The Art of Maintaining, and Being Maintained By, a Japanese Farm

Art of a Japanese Farm

A white-washed farmhouse with earthen walls, restored to its 200-year-old splendor and equipped with turn-of-the-century wicker baskets and pottery bowls recently dusted off for everyday use again: twenty-three years ago, Californian food lover Nancy Singleton married organic egg farmer Tadaaki Hachisu and took up with him on this working homestead in the Japanese countryside. Now a full-fledged farmer’s wife, she’s chronicled her daily life in Japanese Farm Food,” a cookbook with all the right ingredients to make a proper memoir, too. Nancy lives as a “registered alien” on the land in which her new family (two sons, a husband, grandparents, inter-generational cousins, and close neighbors) claims roots, while the Hachisu farmhouse holds it all together: a small corner of rural Japan that serves as a common framework, drawing together generations, cultures, and distances and filled with the fragrances of a well used kitchen.

The farmhouse is a hand-built mixture of modern and traditional life. Erected for the first time more than two centuries ago, it was rebuilt by Tadaaki’s grandfather in 1930, using the original posts and beams out of economic necessity, and in a nod to more modern times, hiding them above hung ceilings and replacing the original papered doors with utilitarian sliding ones of solid wood. Magnificent by today’s standards, the house’s posts and beams are not unusual in older Japanese farmhouses, most of which are built from them -- with special honor given to the daikoku bashira, the robust beam around which all such structures center. (The Hachisu home was constructed around a beam of Japanese cypress, rubbed since days gone by with sesame oil to keep it strong and supple.) A decade ago, Nancy and Tadaaki gleefully tore out the false ceiling, bringing the weathered beams to light, and replaced those wooden room dividers with sonji doors -- traditional ones crafted from paper and wood that grant easy access to the breeze roaming in from across the hand-cultivated gardens just outside.

The hefty volume that details Nancy’s life is certainly a cookbook, but it’s no ordinary one. It’s filled with the moments, both hard and pleasing, of navigating a new culture first as a newlywed, and then as an integrated outsider: one well-versed in the food, manners, and routines of Japanese country life. Her tables of vegetables organized by cooking method, lists of Japanese food sources for those not in the area, and a glossary of Japanese produce are small gracious gifts to the reader. And to make sense of the recipes, one welcomes the supporting materials: stories of the three generations upon whom the farm depends, of Tadaaki’s ancestors, of the black Lab that pokes a friendly nose around the pantry -- and through categories like salt flavors (soy sauce, miso, shottsuru), seaweed (konbu, wakame, and nori) , katsuobushi (tuna thickly or thinly shaved), chilis (togarashi, kochujang, and rayu), soybeans (in seven forms), and rice (short grain, brown, sticky).

Scenes from Nancy’s days pop out throughout this book.
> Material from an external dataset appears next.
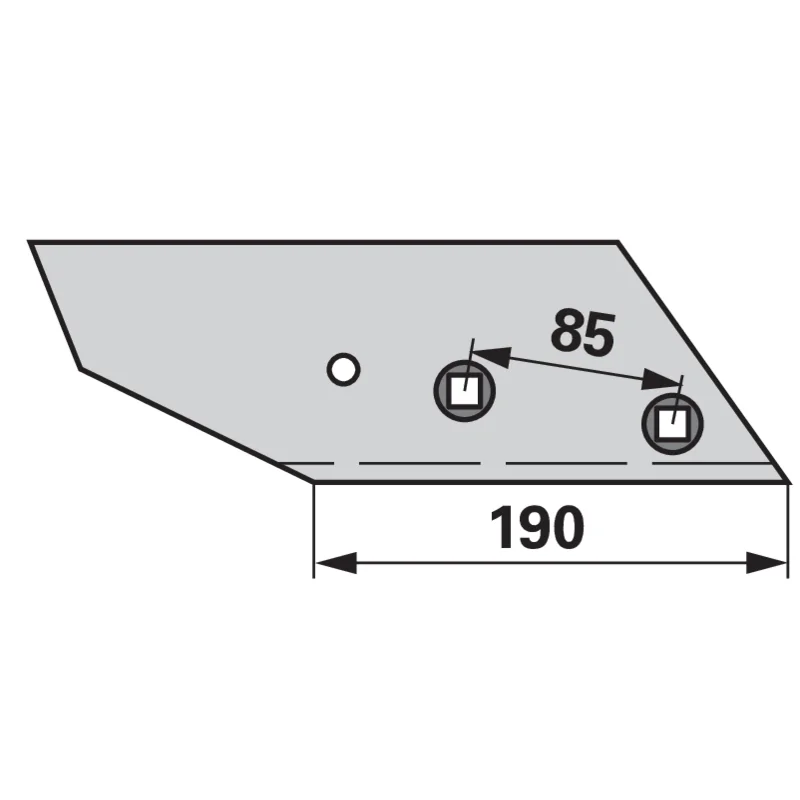 FRANK - 3363986 - Wechselspitze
Pounding moochi in the kitchen with friends leads to an after-dinner Tokanya routine meant to send the rice god to the mountains. Sunday mornings are reserved for strolls through rural flea markets, where Nancy’s taste for the large and old -- woven baskets, wooden buckets, oversize mixing bowls useless and forgettable in almost everyone else’s eyes -- net her friendships with her “favorite guys at the flea market” and hours sifting through messy jumbles of farm and household tools. Her payoffs are treasures like suinos (old fire-patinaed long-handled noodle-scoopers made of bamboo), prettily cracked ceramic serving bowls, hasams (butterfly-shaped iron scissors designed by ancient Romans), and an occasional alligator handbag. And, like the landscape in which they’re set, the food and the recollections that shape this book are roughly hewn with ragged edges, flecked with bits of Nancy’s characteristic wryness. Recalling the day she fell in love with the man who would become her husband, she shares the hours spent together gathering wild vegetables (to be cooked in earthenware pots filled with water from a nearby stream) alongside assessments of the onigiri brought along by fellow gatherers: so perfectly shaped they seem not to have been made by hand. Or, more precisely, “those rice balls lacked soul.”
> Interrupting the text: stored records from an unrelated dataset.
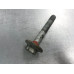 113V023 Crankshaft Bolt From 2005 Chevrolet Silverado 1500  5.3
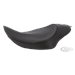 SELLE ECO LINE SOLO POUR 2007-2009 SPORTSTER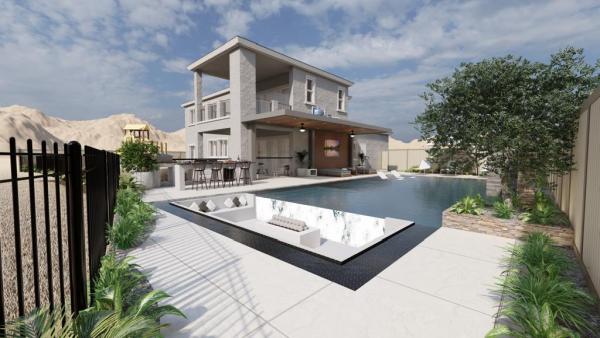 Viavista3d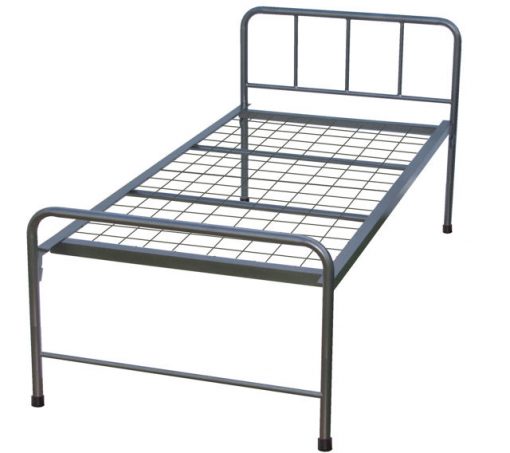 Hospital Bed Standard for Sale South Africa | Myspace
The final chapter -- helpfully preceded by lighter ones with titles like Small Bites with Drinks and Traditional Japanese Sweets for Tea Break (crucial to Japanese farm living, insists Nancy) is a land-based coda: On March 11, 2011, the Tohoku earthquake and subsequent tsunami and Fukushima meltdown (an officially safe if discomforting 215 miles from the Hachisu homestead) changed everything for the family’s landscape and neighbors. And through it all, the house stood strong, reliably welcoming her home after the days-long post-disaster travel from central Tokyo. As it has for more than two decades, Nancy’s spirit matches the farmhouse’s: “And in the aftermath, we try to pick up our lives. I am planting seeds for the summer and looking toward the future.”